Assignment ▸ Even where a record seems odd, copy it exactly as it appears below.

Source records ▸
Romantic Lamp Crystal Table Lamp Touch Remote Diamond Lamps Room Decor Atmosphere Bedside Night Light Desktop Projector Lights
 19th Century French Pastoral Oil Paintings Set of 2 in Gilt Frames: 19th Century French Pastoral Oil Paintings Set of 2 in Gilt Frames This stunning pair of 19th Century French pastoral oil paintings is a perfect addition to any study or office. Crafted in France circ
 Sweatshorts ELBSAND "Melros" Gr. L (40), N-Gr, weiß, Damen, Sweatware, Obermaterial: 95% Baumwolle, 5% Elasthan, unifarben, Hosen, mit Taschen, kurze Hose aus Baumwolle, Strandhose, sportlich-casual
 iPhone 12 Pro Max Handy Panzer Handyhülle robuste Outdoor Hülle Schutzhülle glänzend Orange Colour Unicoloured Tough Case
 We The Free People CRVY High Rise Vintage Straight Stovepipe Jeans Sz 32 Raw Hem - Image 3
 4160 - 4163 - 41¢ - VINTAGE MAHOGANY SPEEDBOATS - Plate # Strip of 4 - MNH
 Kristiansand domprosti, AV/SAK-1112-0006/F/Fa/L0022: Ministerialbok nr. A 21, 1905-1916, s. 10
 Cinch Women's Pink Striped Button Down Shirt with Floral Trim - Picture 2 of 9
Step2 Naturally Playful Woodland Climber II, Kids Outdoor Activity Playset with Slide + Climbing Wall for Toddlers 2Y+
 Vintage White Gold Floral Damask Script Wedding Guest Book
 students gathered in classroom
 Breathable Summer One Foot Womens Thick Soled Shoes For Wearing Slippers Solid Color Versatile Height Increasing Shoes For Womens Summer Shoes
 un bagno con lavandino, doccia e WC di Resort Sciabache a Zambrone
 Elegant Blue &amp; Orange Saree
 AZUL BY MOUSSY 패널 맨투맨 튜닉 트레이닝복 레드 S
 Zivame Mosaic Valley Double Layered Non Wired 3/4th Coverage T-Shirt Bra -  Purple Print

Problem solution ▸
Romantic Lamp Crystal Table Lamp Touch Remote Diamond Lamps Room Decor Atmosphere Bedside Night Light Desktop Projector Lights
 19th Century French Pastoral Oil Paintings Set of 2 in Gilt Frames: 19th Century French Pastoral Oil Paintings Set of 2 in Gilt Frames This stunning pair of 19th Century French pastoral oil paintings is a perfect addition to any study or office. Crafted in France circ
 Sweatshorts ELBSAND "Melros" Gr. L (40), N-Gr, weiß, Damen, Sweatware, Obermaterial: 95% Baumwolle, 5% Elasthan, unifarben, Hosen, mit Taschen, kurze Hose aus Baumwolle, Strandhose, sportlich-casual
 iPhone 12 Pro Max Handy Panzer Handyhülle robuste Outdoor Hülle Schutzhülle glänzend Orange Colour Unicoloured Tough Case
 We The Free People CRVY High Rise Vintage Straight Stovepipe Jeans Sz 32 Raw Hem - Image 3
 4160 - 4163 - 41¢ - VINTAGE MAHOGANY SPEEDBOATS - Plate # Strip of 4 - MNH
 Kristiansand domprosti, AV/SAK-1112-0006/F/Fa/L0022: Ministerialbok nr. A 21, 1905-1916, s. 10
 Cinch Women's Pink Striped Button Down Shirt with Floral Trim - Picture 2 of 9
Step2 Naturally Playful Woodland Climber II, Kids Outdoor Activity Playset with Slide + Climbing Wall for Toddlers 2Y+
 Vintage White Gold Floral Damask Script Wedding Guest Book
 students gathered in classroom
 Breathable Summer One Foot Womens Thick Soled Shoes For Wearing Slippers Solid Color Versatile Height Increasing Shoes For Womens Summer Shoes
 un bagno con lavandino, doccia e WC di Resort Sciabache a Zambrone
 Elegant Blue &amp; Orange Saree
 AZUL BY MOUSSY 패널 맨투맨 튜닉 트레이닝복 레드 S
 Zivame Mosaic Valley Double Layered Non Wired 3/4th Coverage T-Shirt Bra -  Purple Print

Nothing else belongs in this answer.